Erdogan’s comments continued his hostile posture toward Israel over the past year, during which Turkish-Israeli relations have nosedived amid Israel’s ongoing military operations against two Iran-backed Islamist terrorist groups: Hamas in Gaza and Hezbollah in Lebanon.
On Saturday, over 100 Israeli aircraft targeted missile production sites and air defenses inside Iran, significantly crippling Iran’s ballistic missile capabilities and production capacity. The sophisticated operation was in response to Iran firing more than 180 ballistic missiles at Israel earlier in the month, as well as ongoing attacks from its terror proxies in the region, according to Israeli officials.
Responding to the strikes, Erdogan expressed solidarity with Iran and portrayed Israel as the aggressor.
“I extend my best wishes to our neighbor Iran and the Iranian government, which were the target of Israeli aggression last night,” Erdogan said at an event in the southern city of Hatay, according to Turkish media.
The Turkish president also claimed without evidence that Israel was seeking to set a “trap” to start a regional war.
“The Zionist Israeli government is attempting to ignite a regional conflict. It is crucial not to fall into the trap set by Israel and its supporters,” he said. “With this mindset, Israel will achieve nothing. We expect their wrath from Allah.”
Meanwhile, Turkey’s Foreign Ministry released a statement condemning Israel’s military strikes and similarly accusing the Jewish state of bringing the region toward a broader conflict.
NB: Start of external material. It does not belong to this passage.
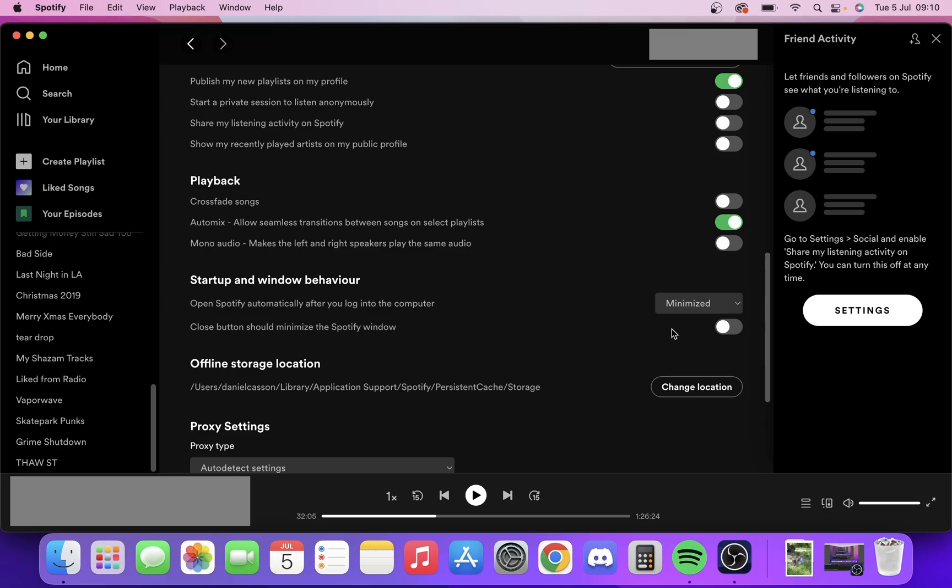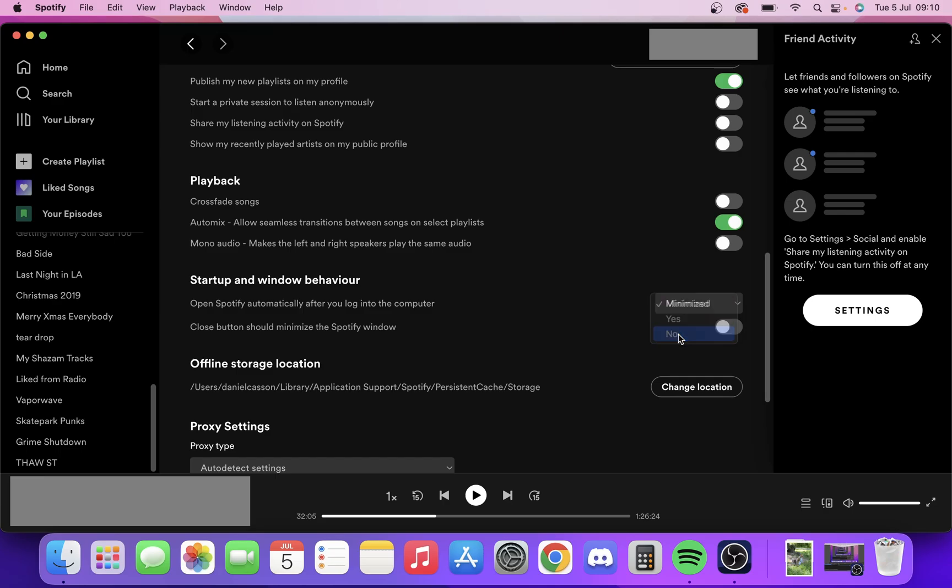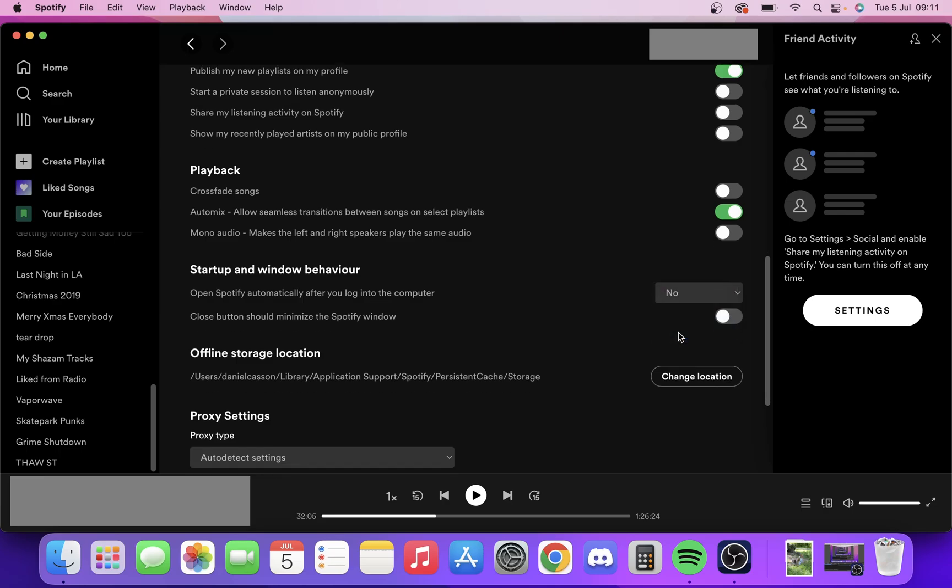On this particular Mac it is on Minimize—that's where it's down at the bottom. All you do is click this dropdown menu. You can either click minimize, yes, or no. For us we want to select No, so we just click No. Now that we've selected No, Spotify should no longer start up when our computer starts up.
The ministry went on to falsely accuse Israel of “committing genocide in Gaza,” preparing to annex the West Bank, and attacking civilians in Lebanon.
“Ending the terrorism created by Israel in the region has become a historic duty in terms of establishing international security and peace,” the statement read, calling on the international community to take steps to avoid further escalation.
The ministry and Erdogan’s comments came two months after Turkey’s Ambassador to Iran Hicabi Kırlangıç lambasted Israel in an interview as “one of the most ruthless enemies” and condemned Western countries for supporting Jerusalem. He also said that Iran’s plan to attack Israel in retaliation for the killing over the summer of Hamas leader Ismail Haniyeh in Tehran should be harsh enough to force the Jewish state to “fall to its knees.”
Haniyeh was killed in an explosion in Iran’s capital city on July 31. Iran, the chief international sponsor of Hamas, accused Israel of carrying out the assassination and vowed revenge. The Israeli government has neither confirmed nor denied responsibility for Haniyeh’s death.
Iran, which initially launched an unprecedented direct attack against Israel in April, also said it would retaliate following Israeli airstrikes in recent weeks that killed the top leaders of its Hezbollah allies in Lebanon, including longtime Hezbollah leader Hassan Nasrallah.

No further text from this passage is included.